August 1998. Throughout that summer, I would squat between the steep porcelain slopes of a clawed-foot bathtub as water splashed weakly down head, serpentine hair, bent back, at first hot and then lukewarm and finally cold. Crouched, I reveled in the lack of cloth and maquillage, fleshly wet, the damp and finally cool darkness. Faraway sirens rang.
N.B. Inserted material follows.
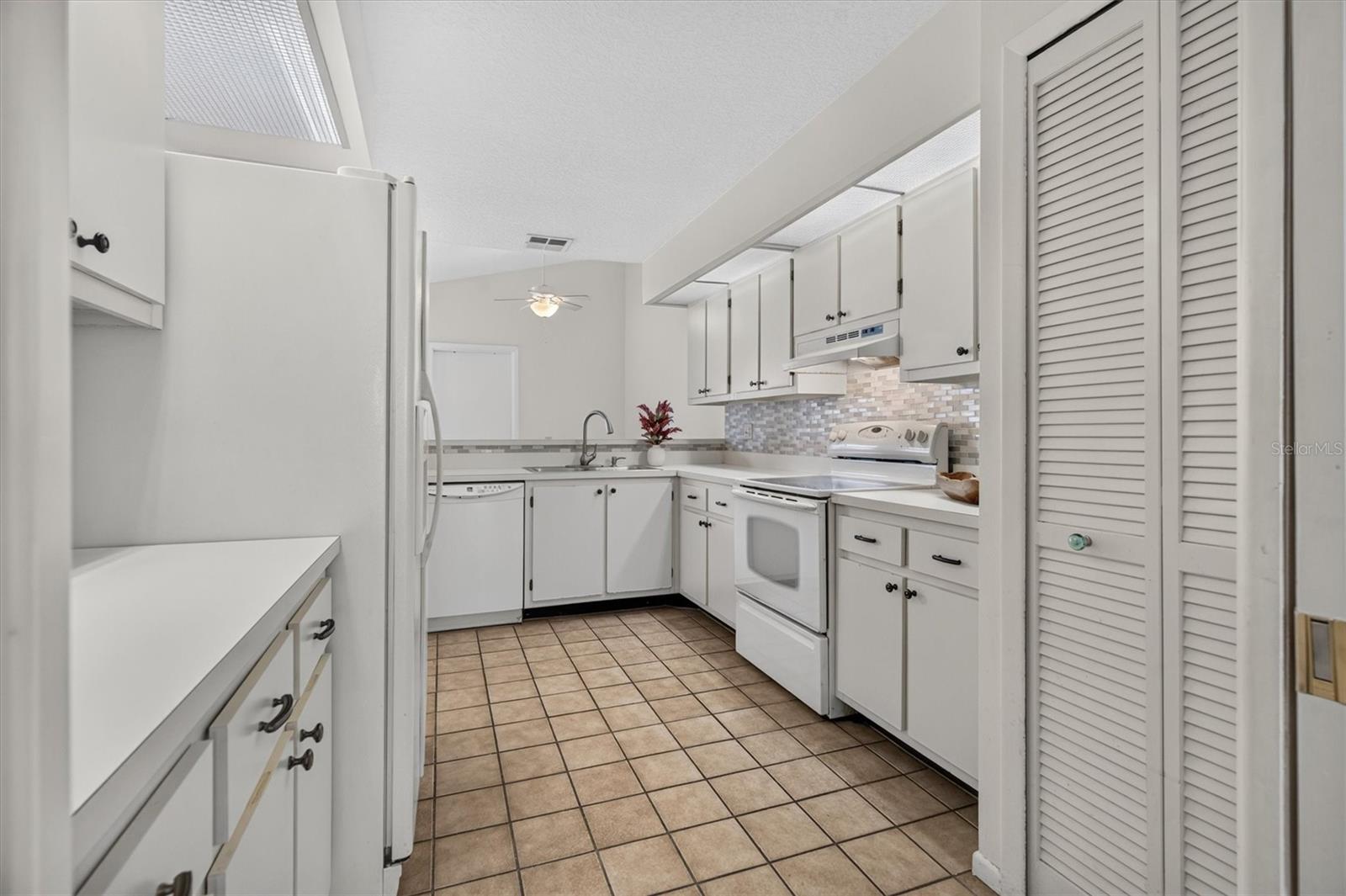 611 Chestnut Oak Cir #113 Property Photo 8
During an electrical blackout that summer, I became a poet. (If only for a moment. Alas, my attention span endures only so long, unable to outlast even a just-lit cigarette.) Not my heart, gentlemen. Only soothing my skin, I thought. That summer, the only fan died, its abused blades stilled. No matter. There is our Durant flat: Shilpa and Rini and sunlit porch breakfasts and even a few crushes, late-night throw-a-stone-at-my-window trysts.
By Halloween of that year, I would heartbreak hard, harder, I suppose, than when I was in 4th grade, the first year Mummy stayed away in San Diego. That year, Santa Ana’s little league baseball star Christian Cortez never, ever, noticed me – except, perhaps, to call me Peanuts like all the other kids.
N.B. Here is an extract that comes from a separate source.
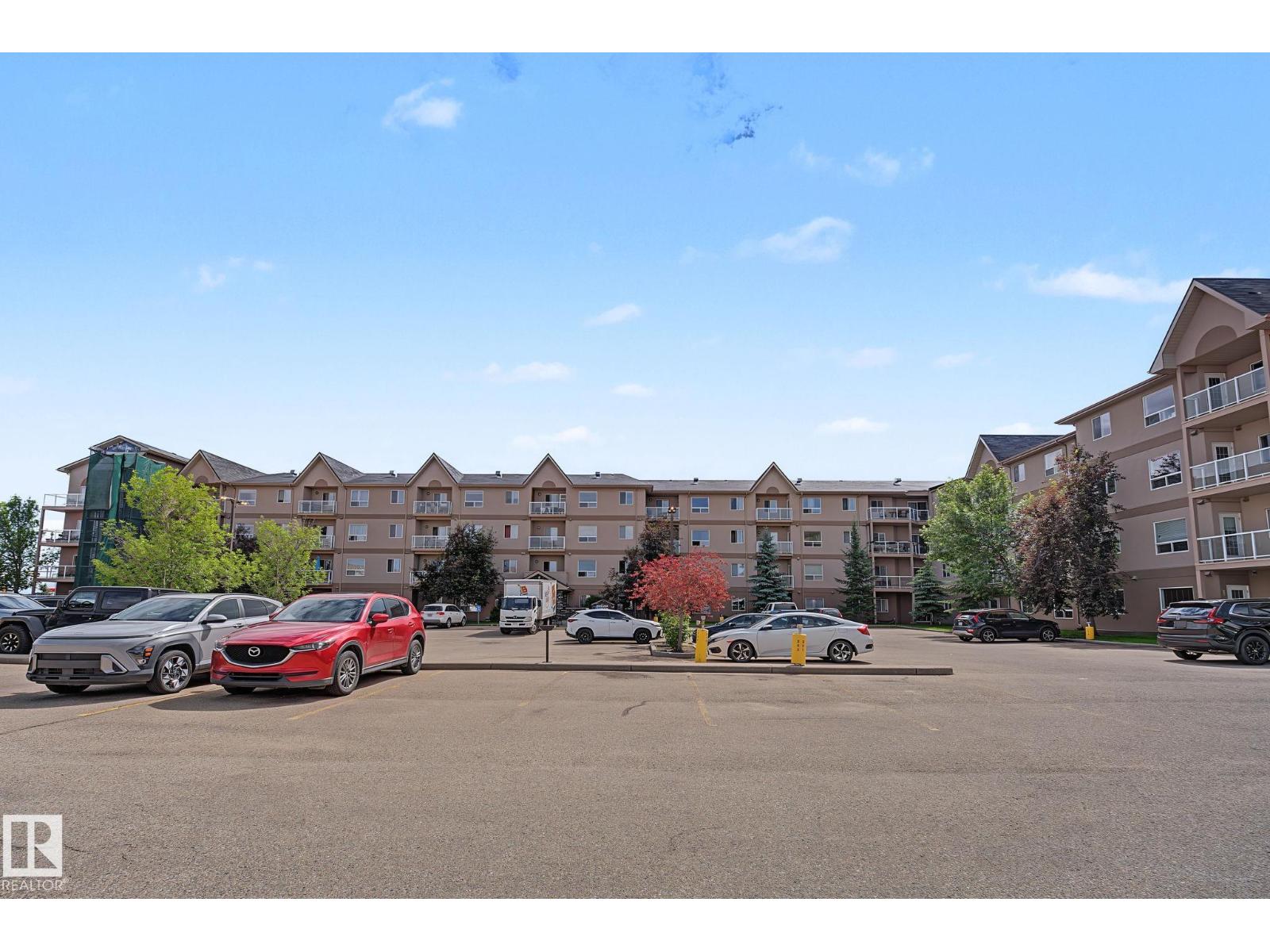 #111 5005 165 AV NW - 42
That was the year teachers lost their godhood. Mr. Klum – Call me Karl, same name as that goddamn Commie – was a grumpy divorcé – Boys, never marry a girl who calls herself a feminist – and whose buttcrack often revealed itself over loosely belted chinos. This is what too many beers in the summertime can do to an old man, kids, he once snorted, winking at first row.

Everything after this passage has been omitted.